The next few sections will explore what is meant by "competent" code. But first, a few words on the code review process itself.

The comments you leave when reviewing code should be as positive and constructive as possible. Engineers have a natural tendency towards defensiveness when something they created gets criticized or otherwise "reviewed" by someone else. Since code reviews are restricted to plain text, it makes them vulnerable to a loss-in-translation effect where any nuance, intonation, or emotion of the reviewer is lost.

Therefore one must be especially mindful of maintaining positivity when leaving comments in code reviews. Put yourself in the position of the reviewee, and consider how you would feel if you received the comments you're about to give.

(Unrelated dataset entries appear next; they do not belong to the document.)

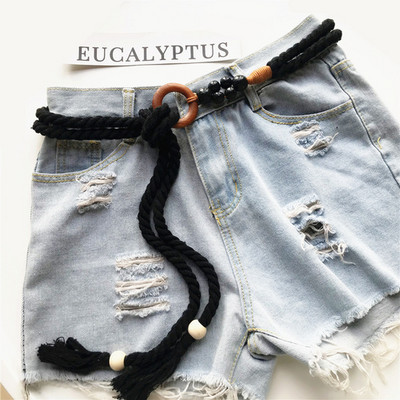 Szőtt derékszíj Női deréköv Kender kötél Vintage kerek csatos farmer fűző öv csípő magas ruha derékpánt kellékek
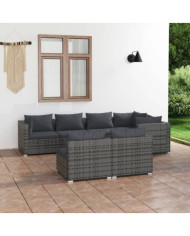 Salon de jardin 7 pcs avec coussins Gris Résine tressée | Mobilier & Déco
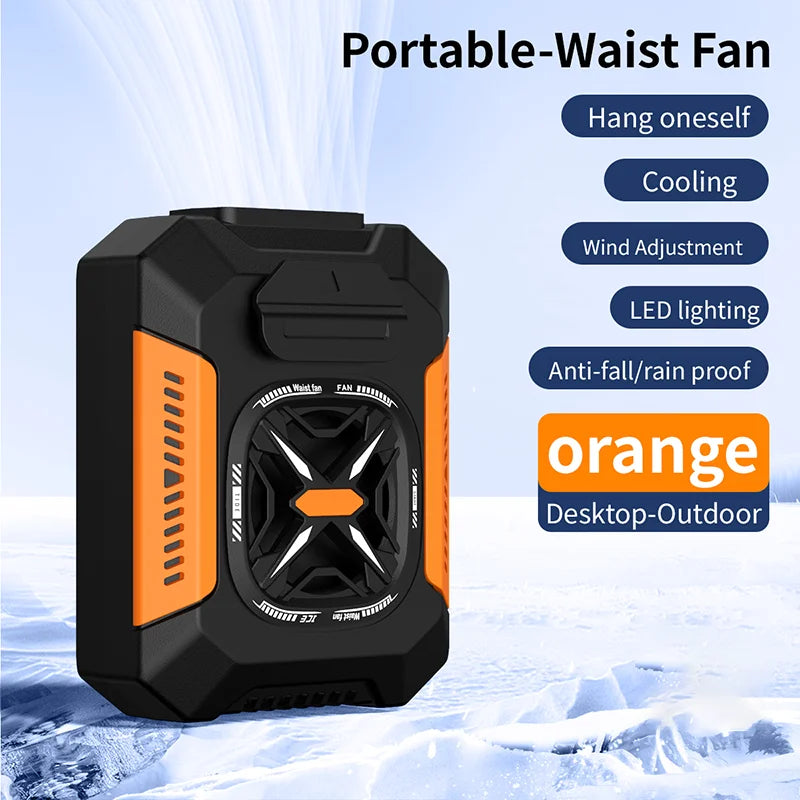 Wearable Neck Fan – 3-Speed, Belt Clip, 5000mAh, Hands-Free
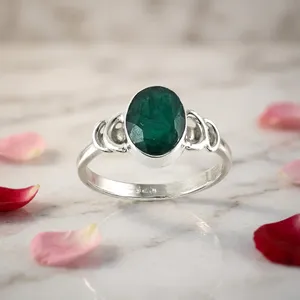 Bague en argent sterling 925 avec quartz vert, bijoux faits à la main, pierre précieuse verte naturelle, cabochon ovale, bague statement, style bohème, à porter au quotidien - Product Image 3
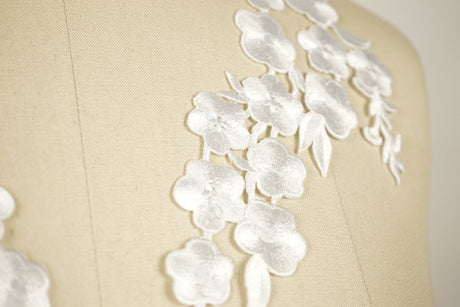 Embroidered Flower Iron-On Patch Pair White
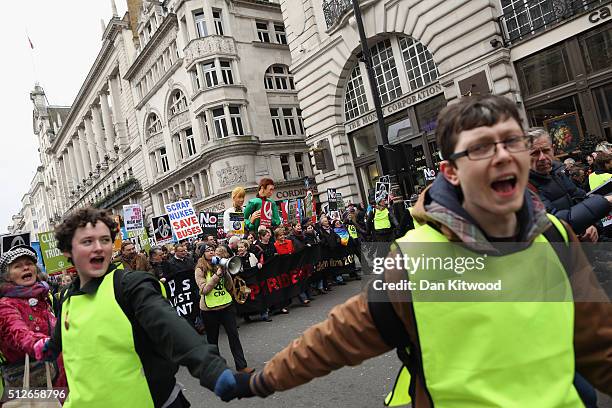 Scottish First Minister Nicola Sturgeon joins demonstrators on a 'Stop Trident' march though central London on February 27, 2016 in London, England....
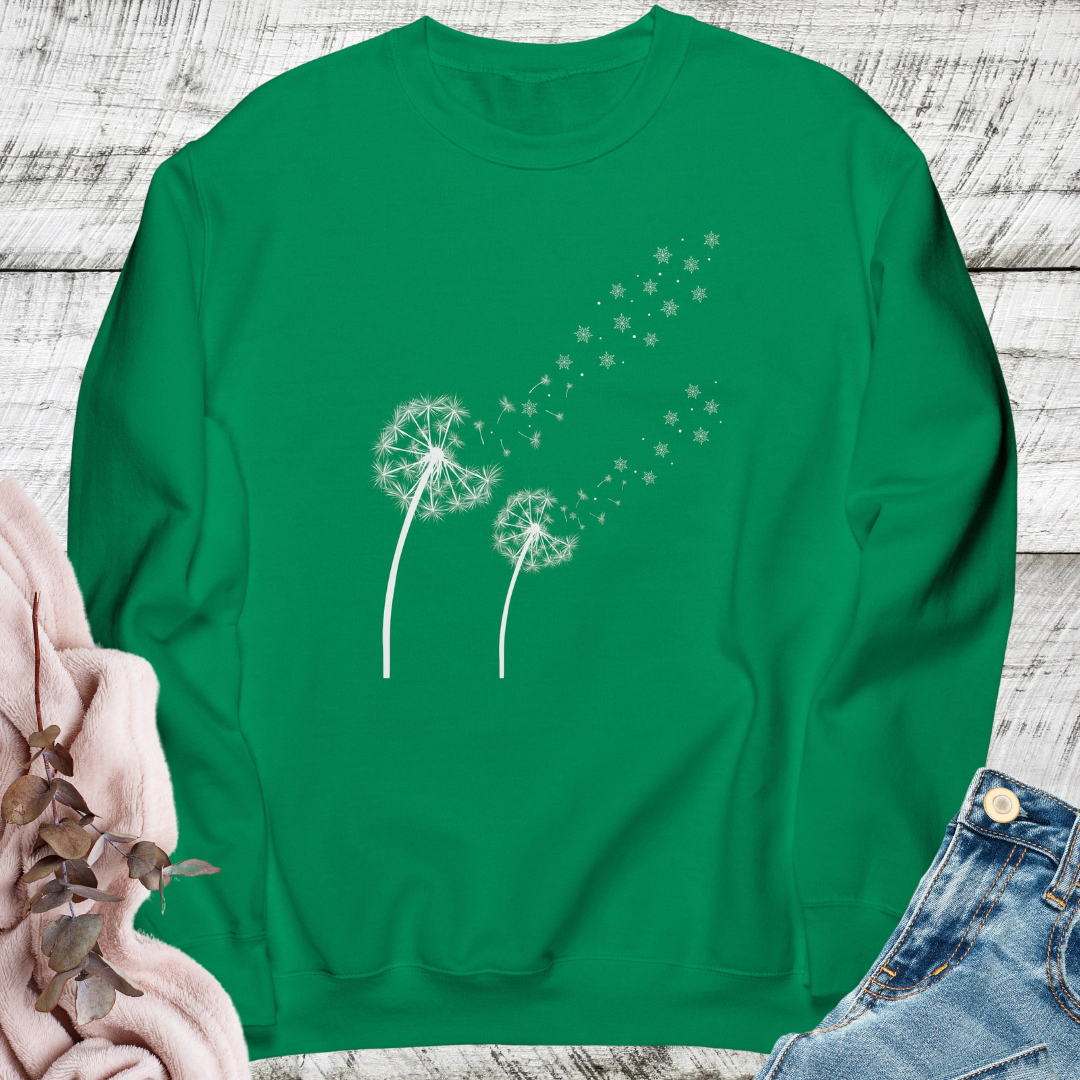 Dandelion Sweatshirt, Winter Snowflake Sweater, Cozy Fall Wildflowers Sweatshirt, Plant Lover Gift for Her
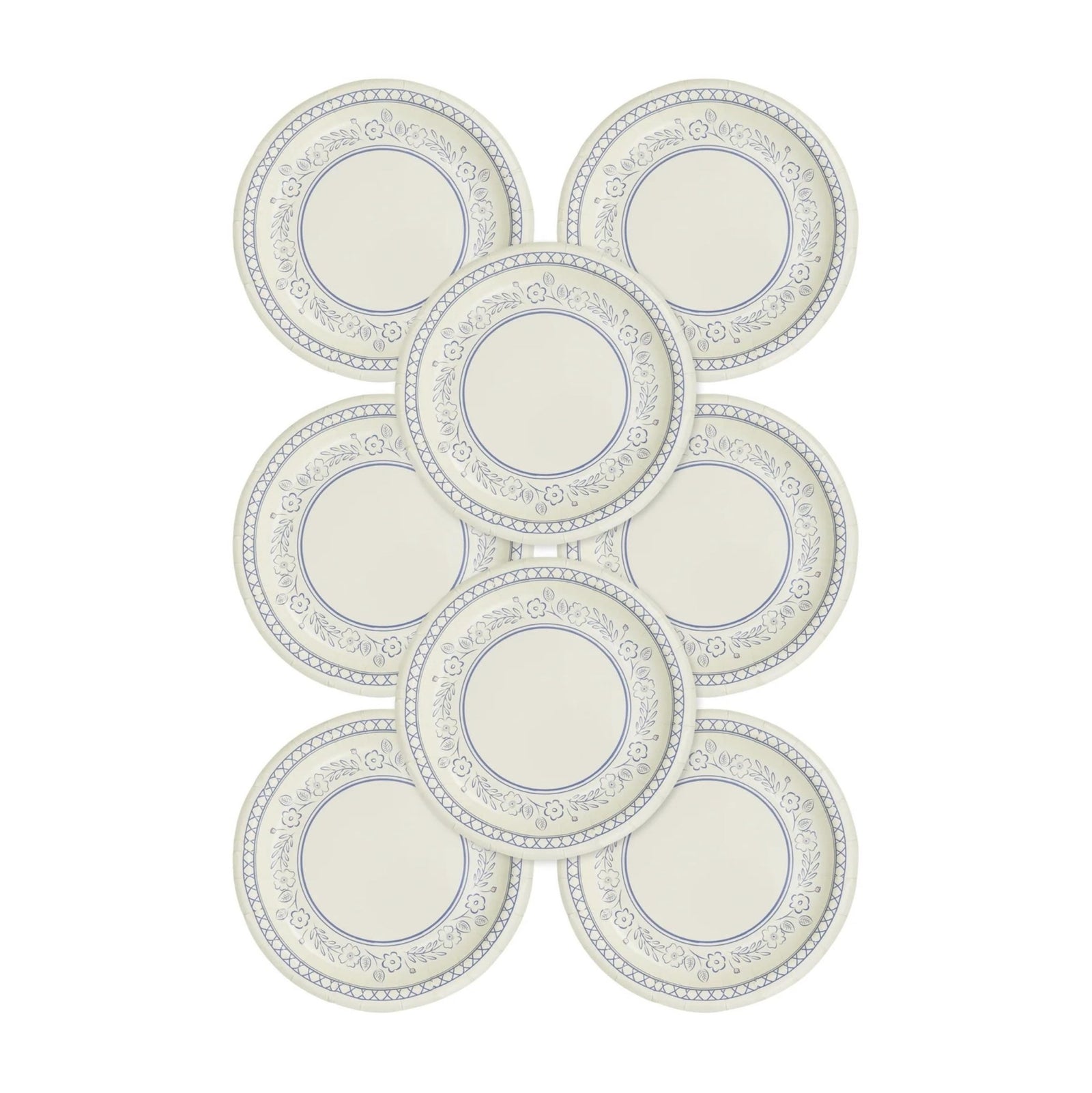 Blue Floral Cake Plates - Stesha Party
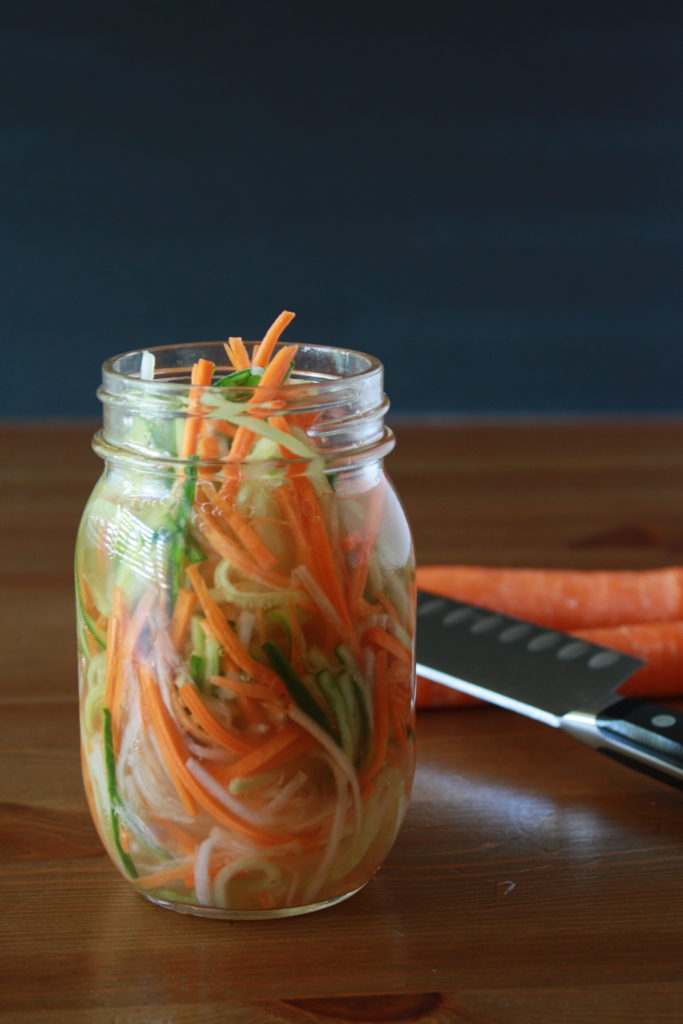 quick pickled vegetables ready in a jar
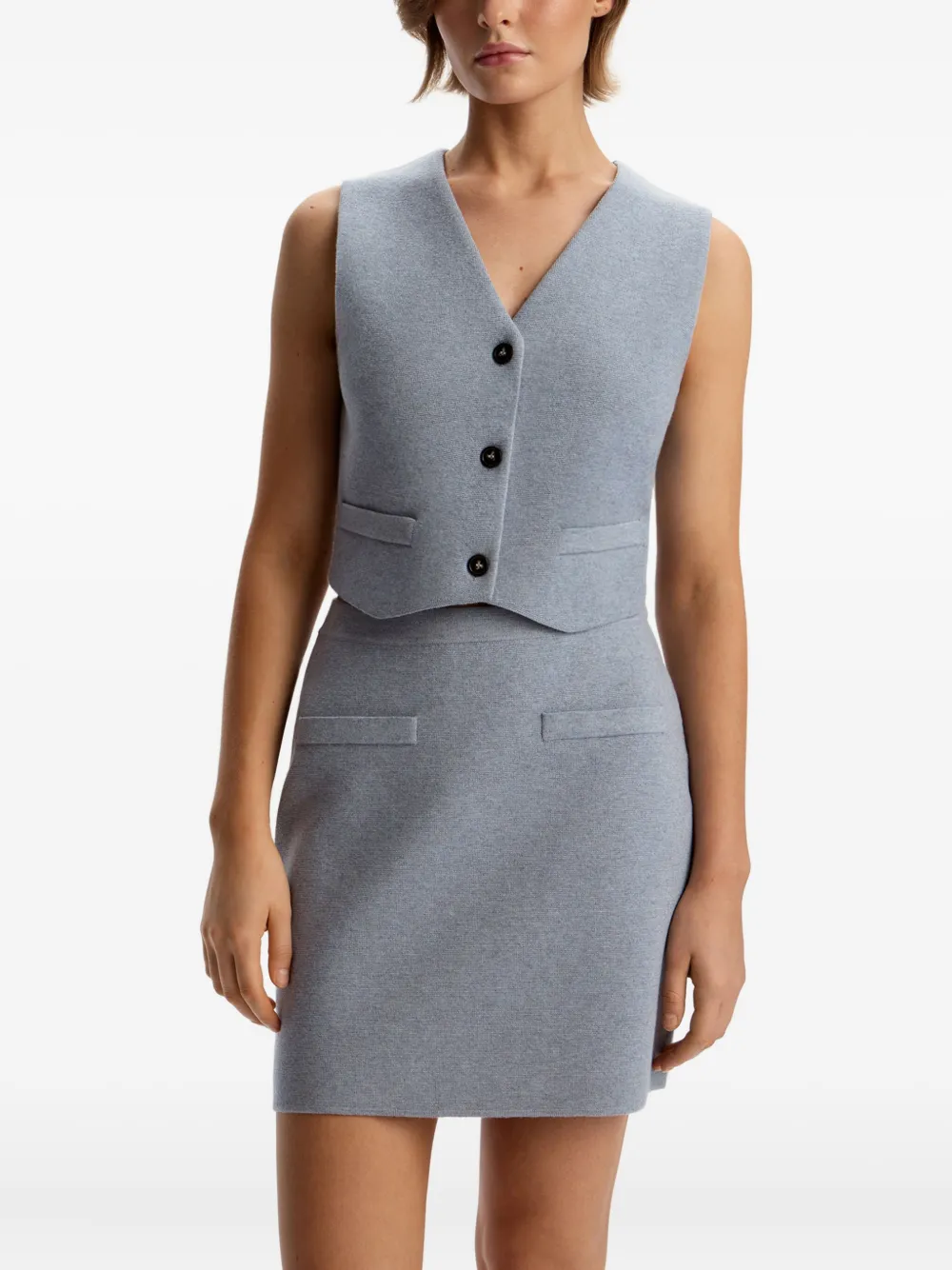 12 STOREEZ Hemd met V-hals Blauw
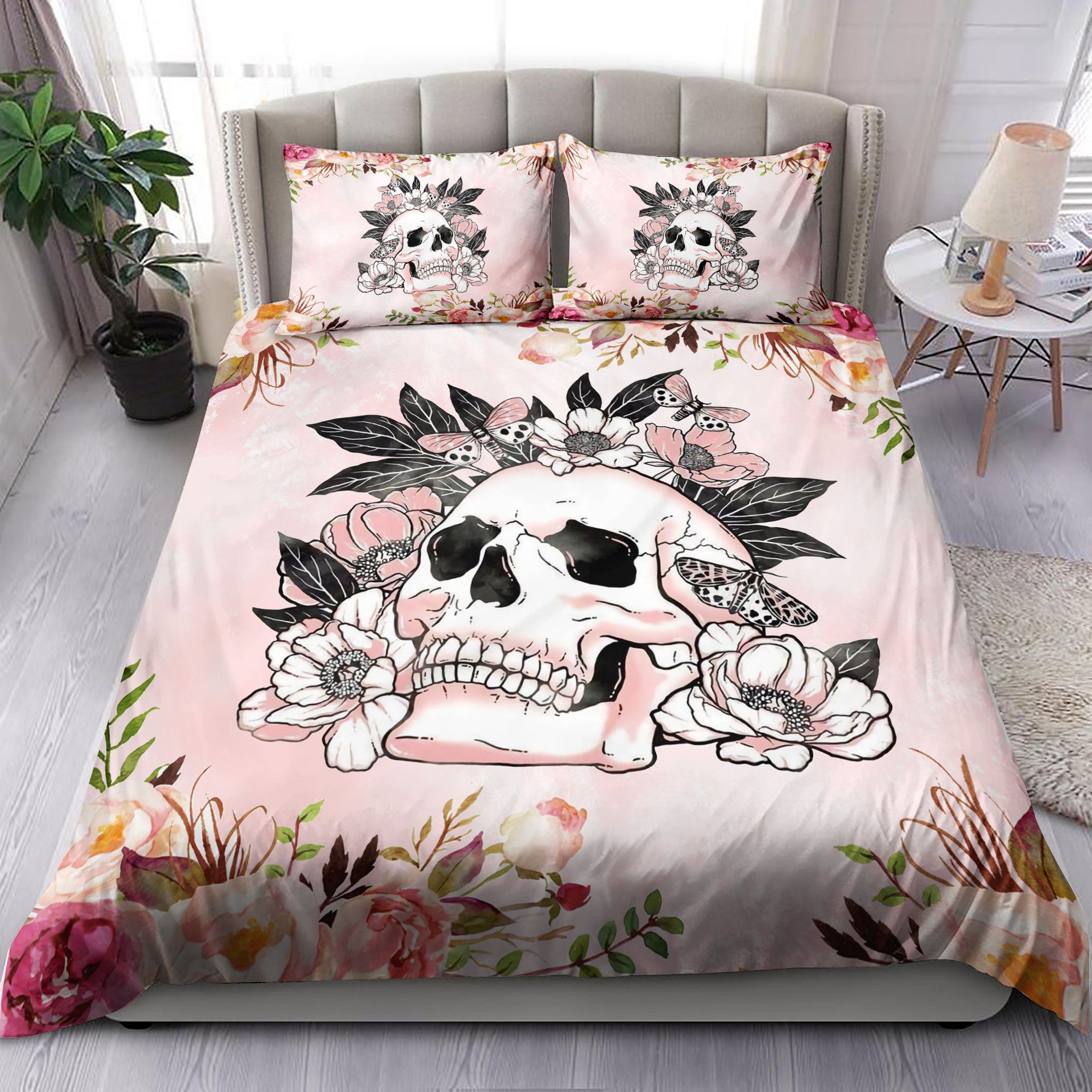Skull Flower Art Bedding Set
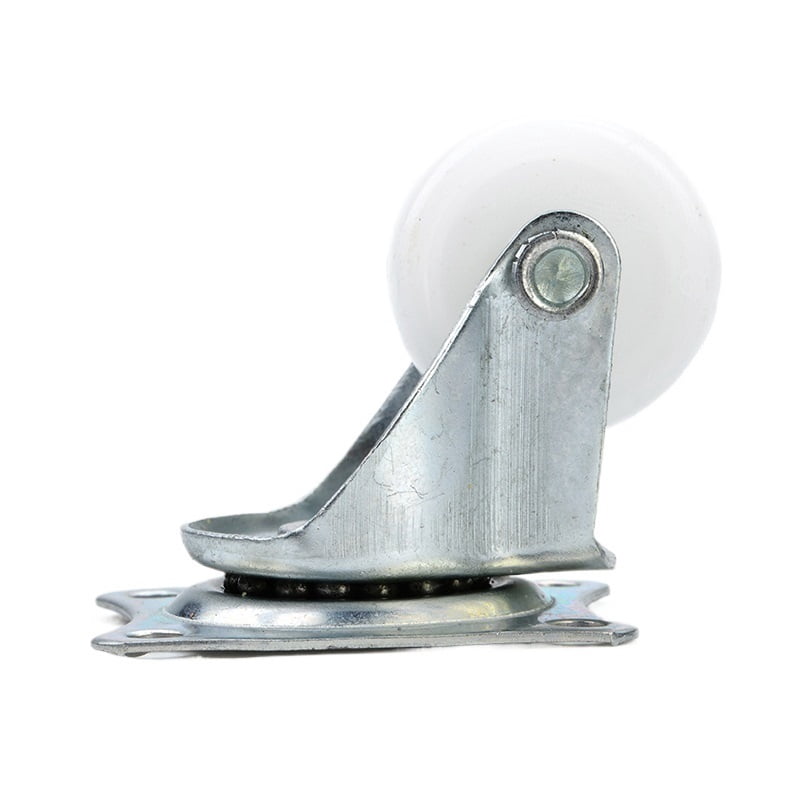 4pcs 10KG Universal Swivel Casters 1" Furniture Wheel Castor White PP Nylon Dual Roller Wheel For Platform Trolley Chair ,Wear-Resistant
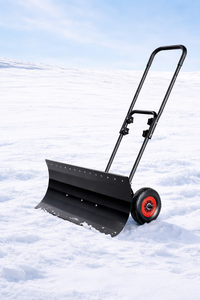 Pousse-neige à lame en U de 30 po x 17 po avec roues, lame et poignée réglables, pelle à neige en acier pour usage extérieur ODGWTO018 - Product Image 6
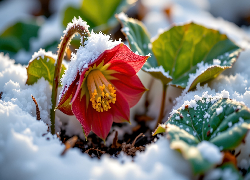 Kwiat, Czerwony, Liście, Śnieg, Grafika AI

Try to formulate your comments as questions instead of statements. For example, instead of saying "This block of code is utter nonsense and should be rewritten," try saying "Would it be better if we restructure this code like this: ___?"

Conversely, you should never hesitate to request changes on a patch if something doesn't look right, even if the reviewee is an engineer that's more senior than yourself. And you also shouldn't expect a patch of yours to be merged on the first pass, without one or two follow-ups.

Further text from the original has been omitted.